Under Pressure…Blood Pressure That Is
Anne Boldt

    ​Picture this: you’re ten years old, it’s past your bedtime, but you’re hiding on the staircase trying to sneak a peek at the television screen while your mom watches the newest hit drama, ER. Well, I was that kid every week and because of that, I knew at a pretty young age that I was destined to work in the medical field. The intensity and never ending rush of the hospital seen on the show had captured my attention and it wasn’t letting go any time soon. Years later, as a junior in my undergraduate studies, my desires to work in the medical field have not faltered. However, until recently, I never had any experience working directly with patients. Granted, I have volunteered at hospitals checking patients in for surgery and I have shadowed doctors, but I had never worked with patients in any medical manner. Fortunately, at the end of October this year, I was given the opportunity to come in direct contact with patients at a clinic.

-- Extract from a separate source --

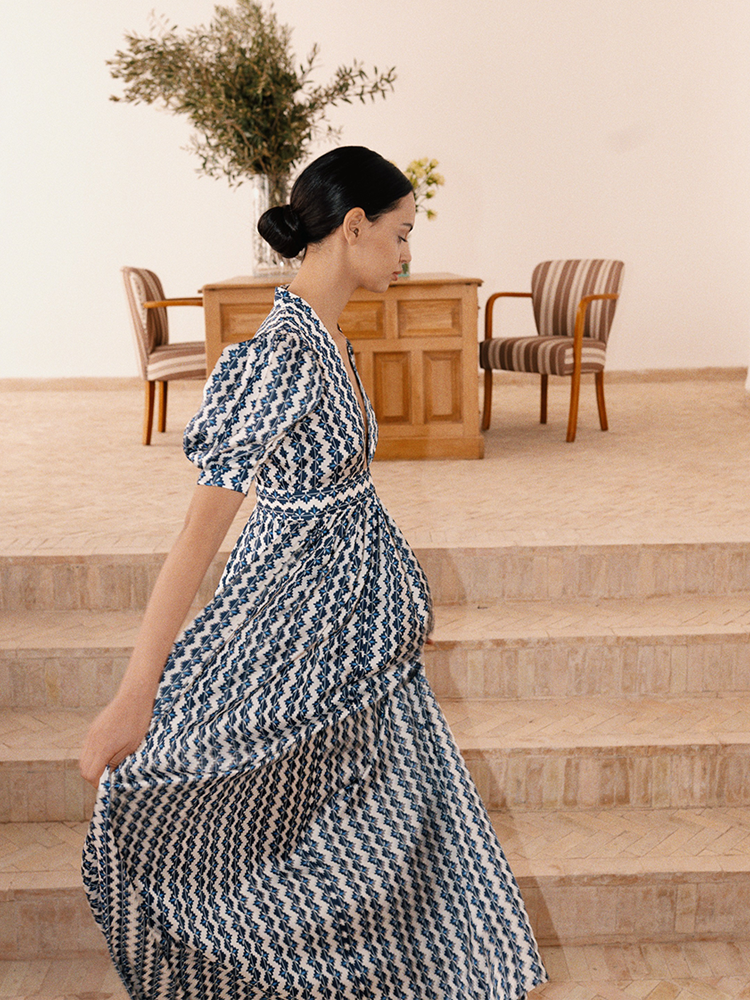 Alexia’s Dress White and Blue Print Cotton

    As we approached the community of Hoja Chigüe, Nicaragua, I felt jumpy and I couldn’t tell the difference between my excitement and nervousness. To make matters worse, the closer we got to the clinic site, a school, the harder it became for our enormous tour bus to make its way through the hazardous dirt roads. In fact, about half a mile from the school, we had to make our way to the school on foot due to the poor conditions. Upon arriving to the site, we quickly set up our makeshift pharmacy and consultation areas, and in groups of three, two students and a translator, we awaited the arrival of our first patients. For each group of patients, one of the students interviewed the patient about their medical history and current symptoms, while the other took vital signs, including temperature, blood pressure, and pulse.

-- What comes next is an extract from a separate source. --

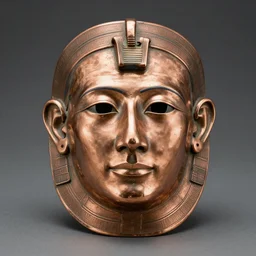 funerary mask of benjamin netanyahu. moche style, copper, product photography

    After a few minutes of waiting, we finally saw our first patient approaching; an elderly woman sat down and I was ready to begin the consultation. I did my best to ask her about her medical history in Spanish and utilized the translator as little as possible. After a rocky start, I made my way through the consultation and was eventually able to aid the doctor in the woman’s diagnosis. After the patient had left, I felt a rush like nothing I had felt before and I felt surprisingly confident and ready to take on the next patient. As I realized it was my turn to take the patient’s vitals, I felt my nerves returning. The day before, we had the opportunity to practice taking our classmate’s blood pressure, but I was never able to successfully do so, hence my nerves as an actual patient was approaching. Thoughts were racing through my head: “What if I’m not cut out to be a doctor? I mean, obviously I shouldn’t be one if I can’t even take someone’s blood pressure!” However, after my friend had finished the consultation she gave me an encouraging glance, I walked up to the patient to take their blood pressure. Calmly and confidently, I read a perfect 120/80 and felt like I was floating. It had been much easier than anticipated and I felt relief that a career in medicine wasn’t hopeless for me yet.

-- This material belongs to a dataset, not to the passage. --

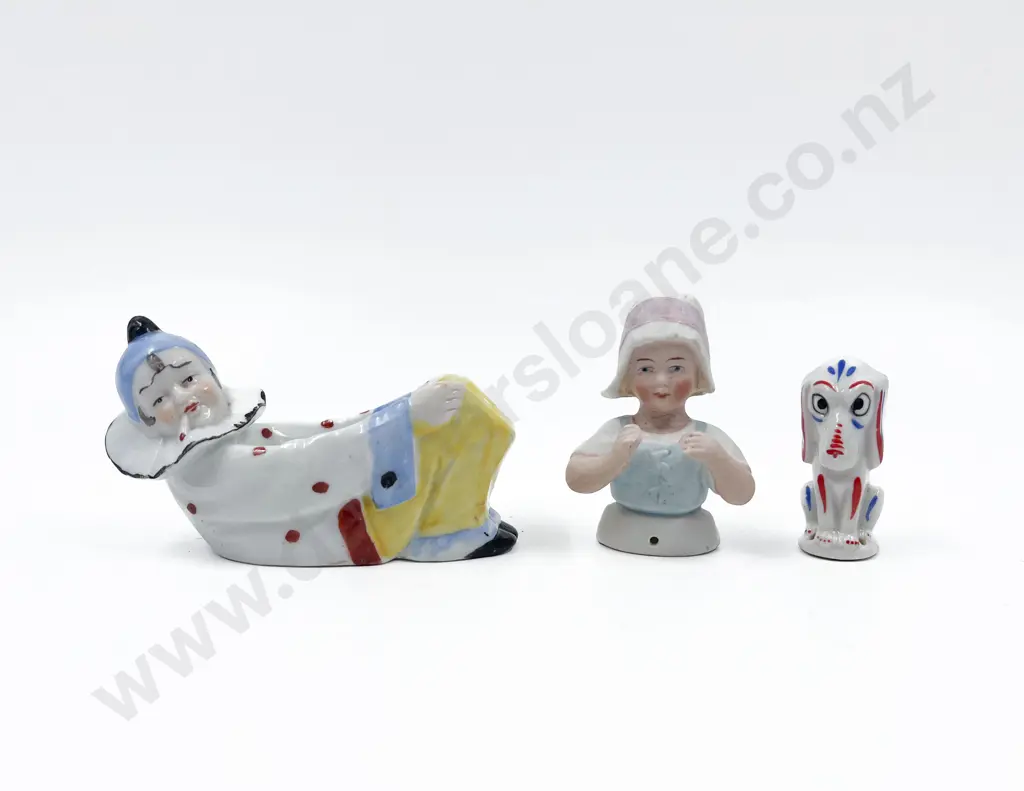Dutch Girl and Novelty Dog Half Head Dolls and Dish Image 1++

    The opportunity to work at the clinic in Nicaragua was an incredible experience and I learned so much more than I thought I ever could in just three days. Working with the patients came so naturally and I felt comfortable in the medical atmosphere. I’ve always known I wanted to become a doctor, but until working at the clinic, I never knew if I would be good at it or if it would even be a plausible career choice. Fortunately, my work in Nicaragua made me feel more confident in my decision to attend medical school, become a doctor, and improve the lives of all the patients I treat.